The task => Word for word, copy the line that contains "Wholesale Preppy Super" and each line after it in the data below. Pictures stay out of the copy.

Short web captions:

------------------------------------------------------------

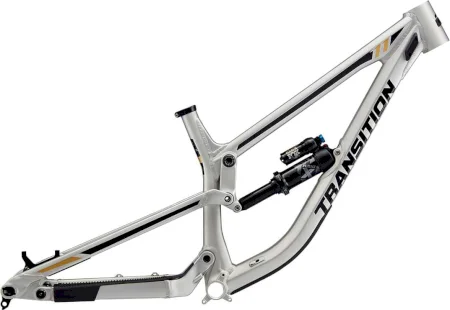 Transition Tr11 Alloy Frameset 2023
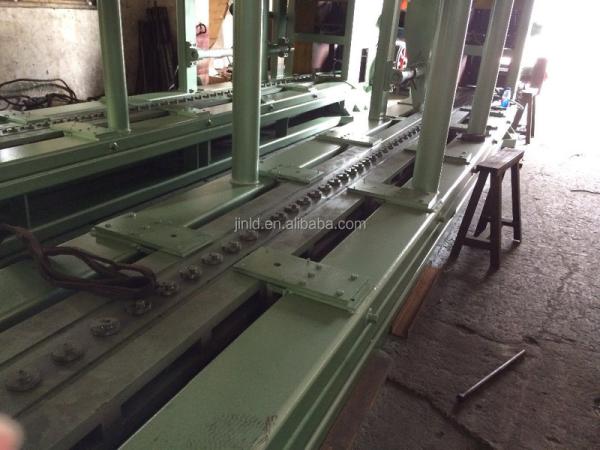 Buy cheap Automatic Gabion Making Machine 500kg 50*50mm Mesh 3KW Power from wholesalers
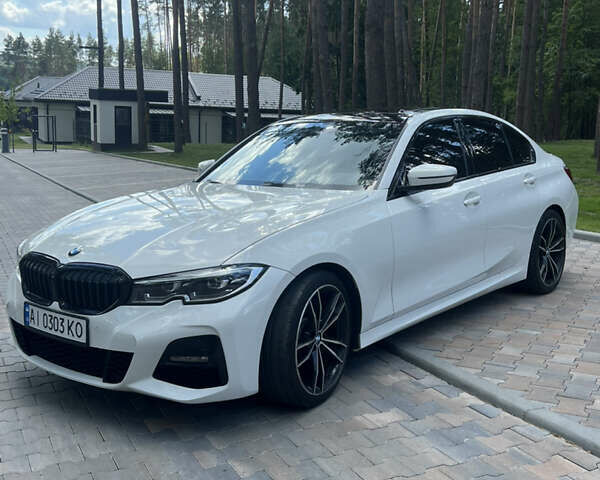 Білий БМВ 3 Серія, об'ємом двигуна 2 л та пробігом 82 тис. км за 29200 $, фото 3 на Automoto.ua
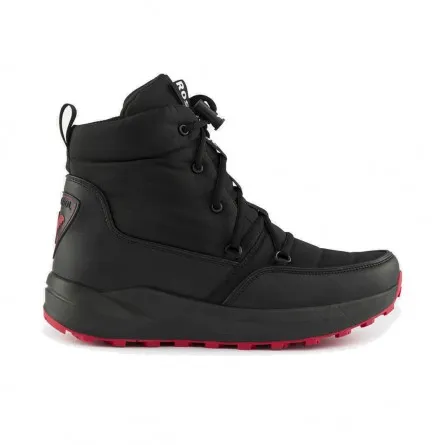 Chaussure aprè-ski homme Rossignol Rossi Podium black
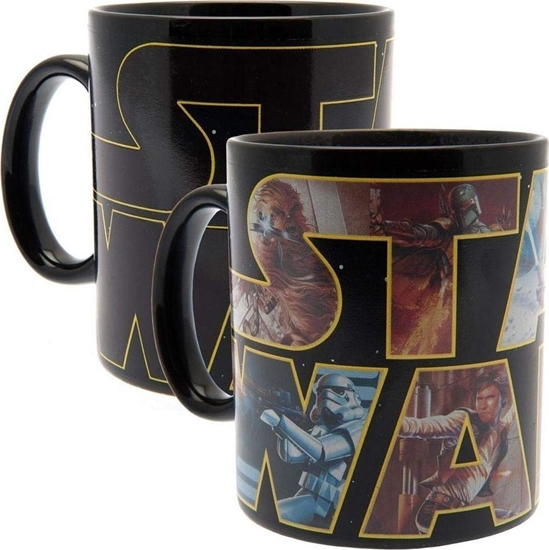 Изображение Pyramid Pyramid Star Wars Kubek termoaktywny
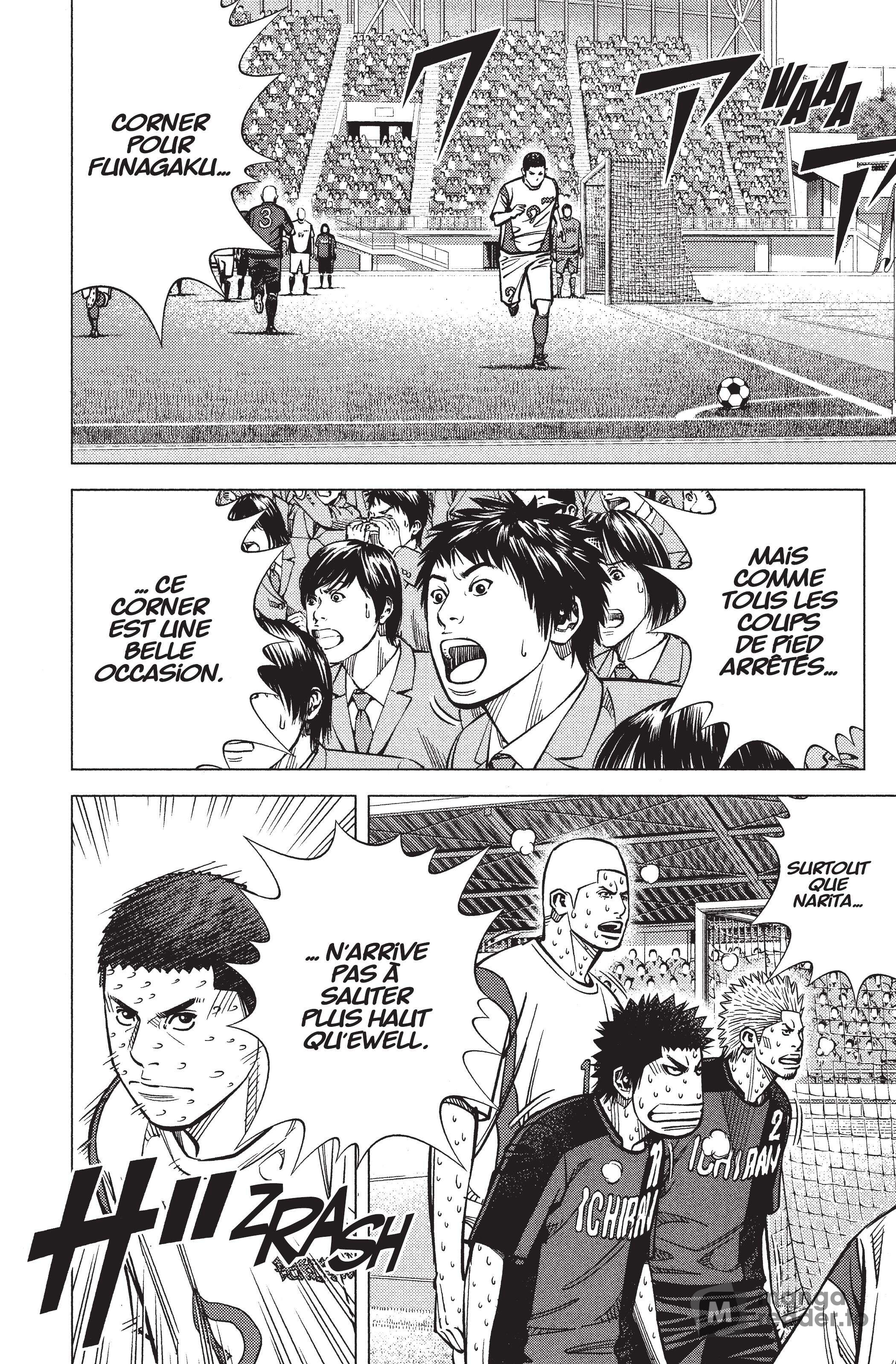 Read Angel Voice FR Manga Online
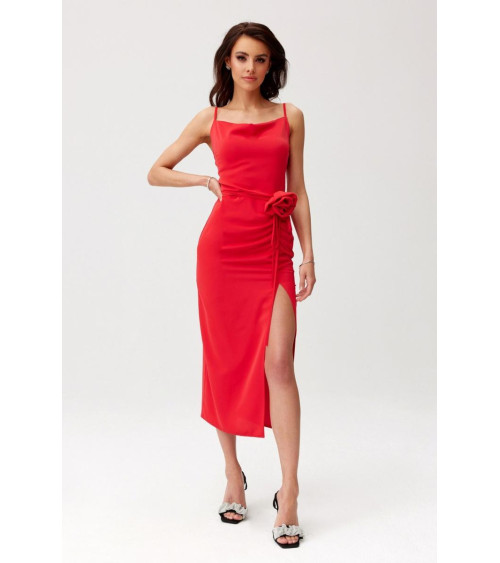 Sukienka Model Maribel CZE SUK0480 Red - Roco Fashion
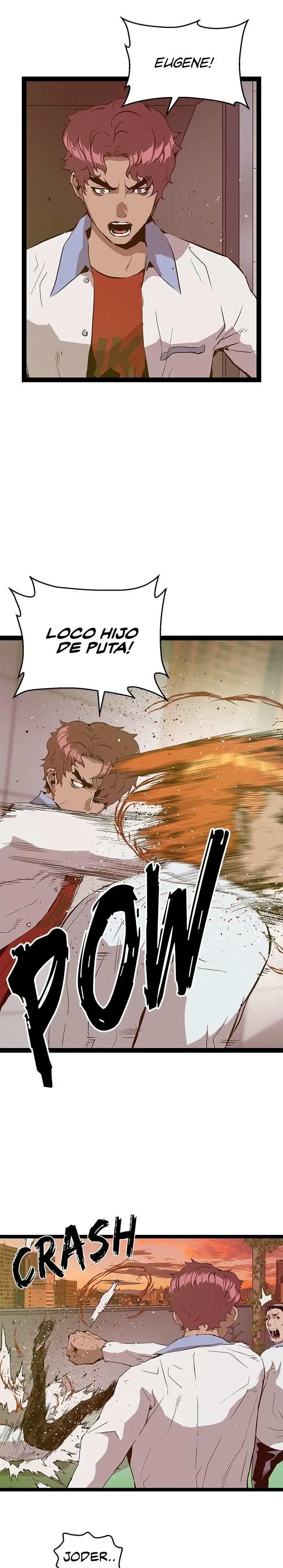 Weak Hero - Capítulo 86 - Página 18 - LectorTMOo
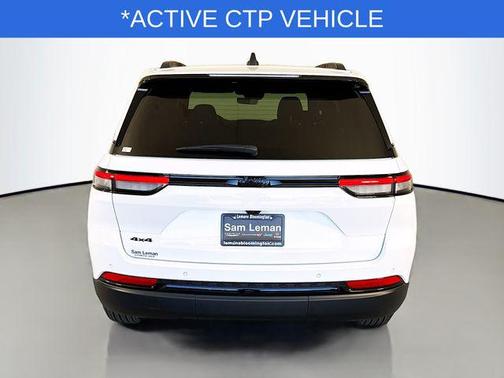 2025 Jeep Grand Cherokee Altitude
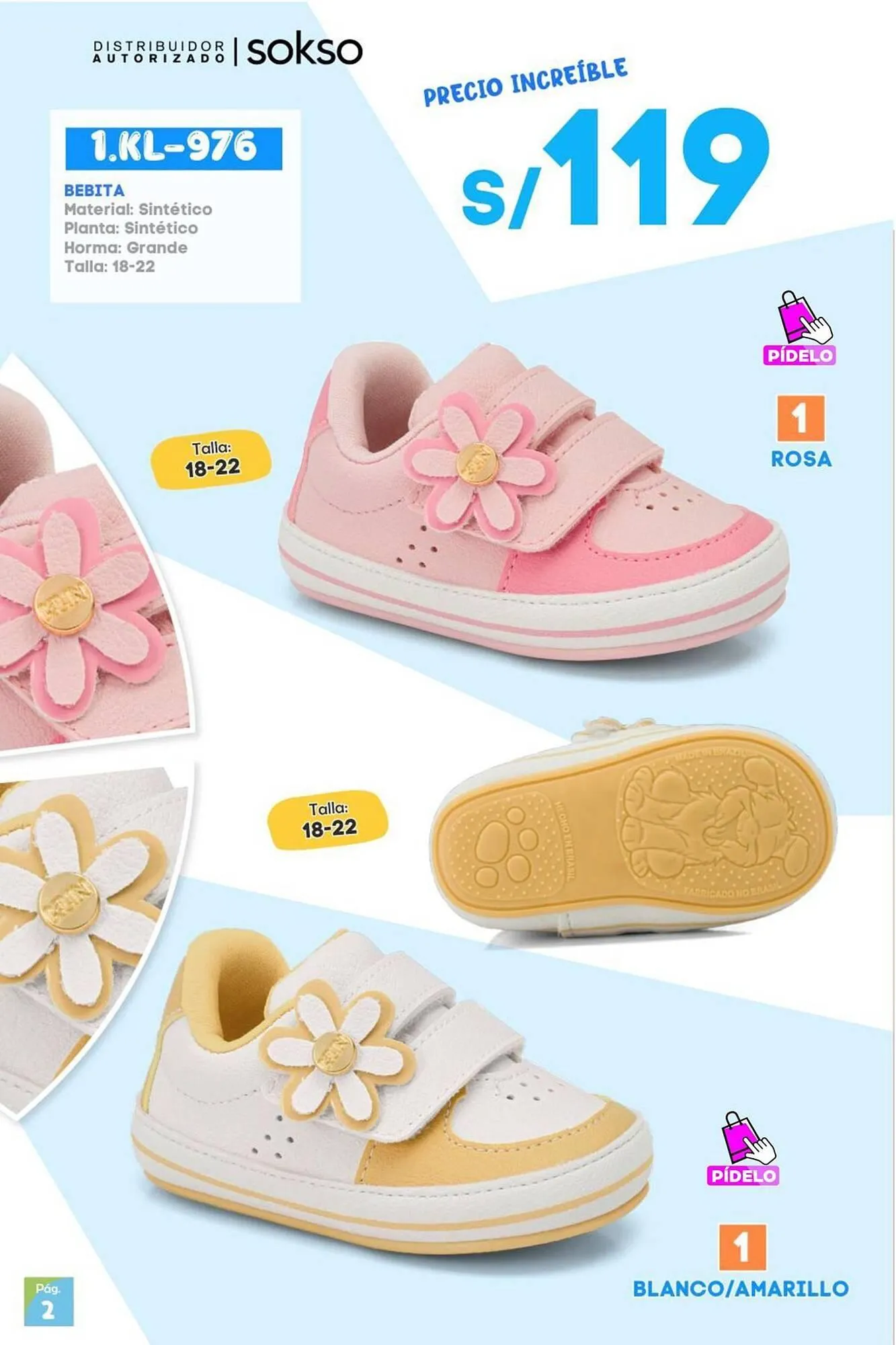 Catalogo de Catálogo Sokso 6 de enero al 16 de febrero 2025 - Pag 2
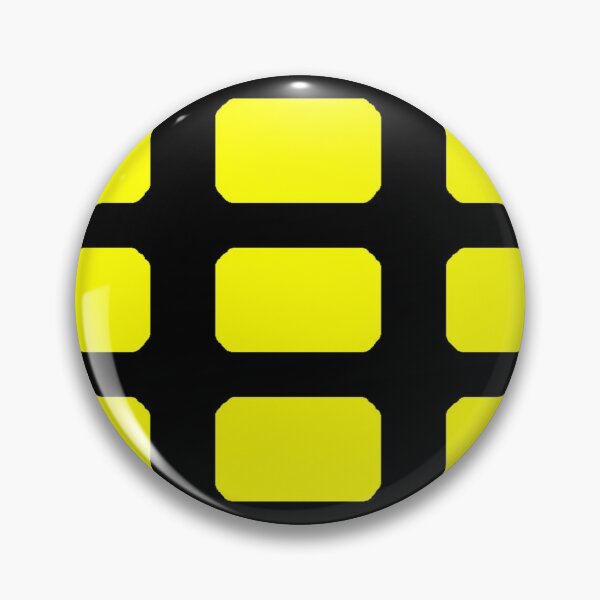 Item preview, Yellow Rectangle Pattern designed and sold by GrudleBay.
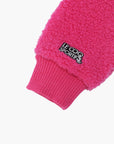 Women's Fleece Hand Warmer - Pink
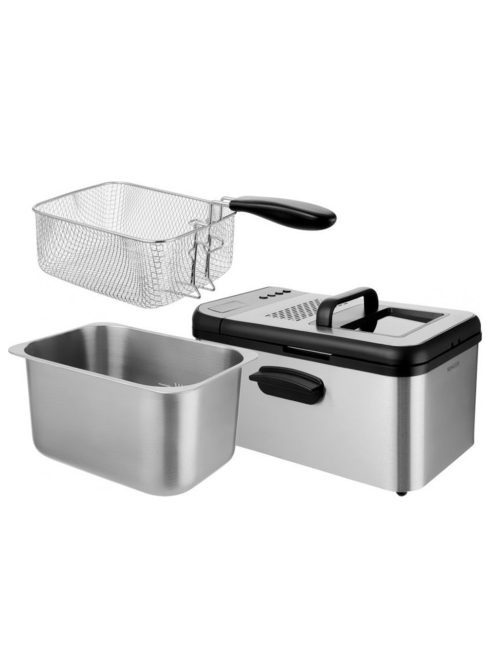 Фритюрник SENCOR SFR 8200SS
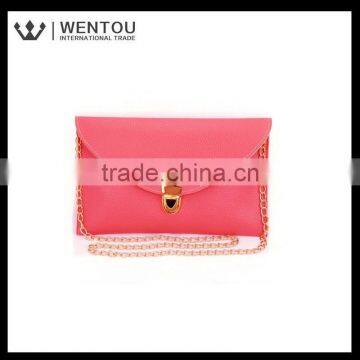 Wholesale Preppy Super Cute Monogrammed Clutch photo-5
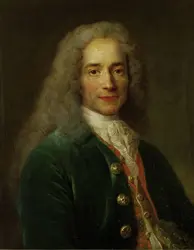 Voltaire - crédits : © Erich Lessing/ AKG-images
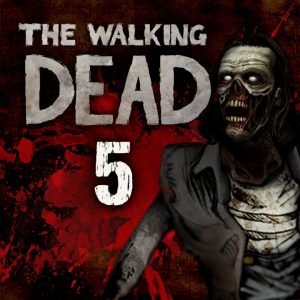 The Walking Dead: Episode 5 – No Time Left PS3 ROM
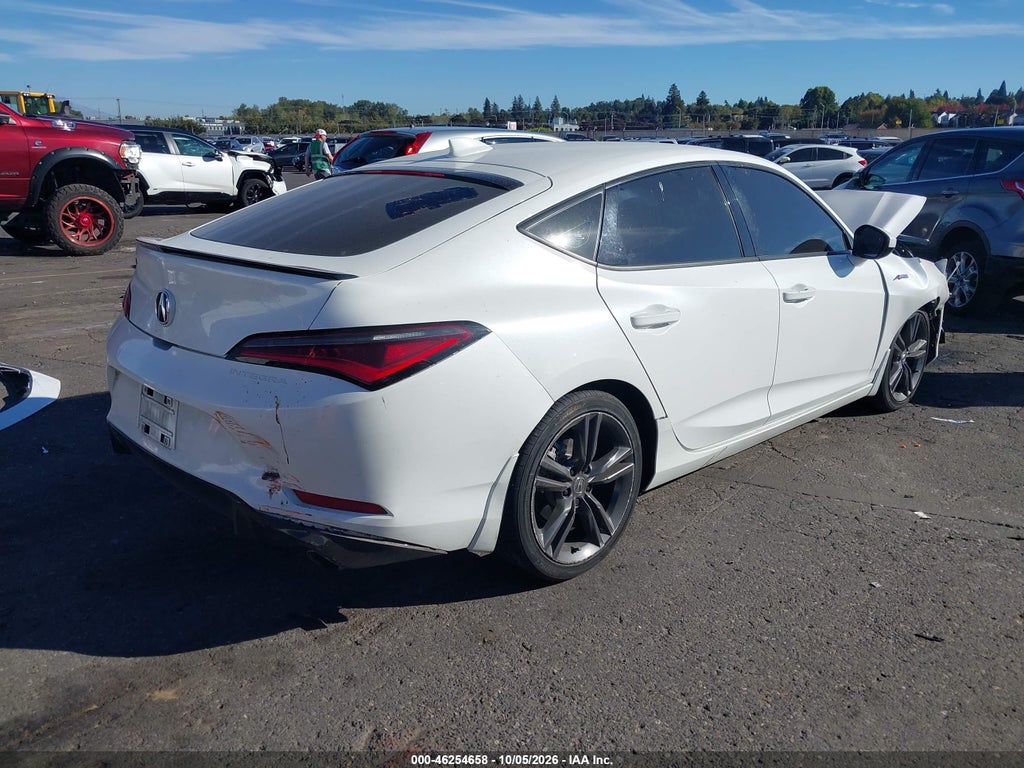 Acura Integra 2025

------------------------------------------------------------

Result =>
 Wholesale Preppy Super Cute Monogrammed Clutch photo-5
 Voltaire - crédits : © Erich Lessing/ AKG-images
 The Walking Dead: Episode 5 – No Time Left PS3 ROM
 Acura Integra 2025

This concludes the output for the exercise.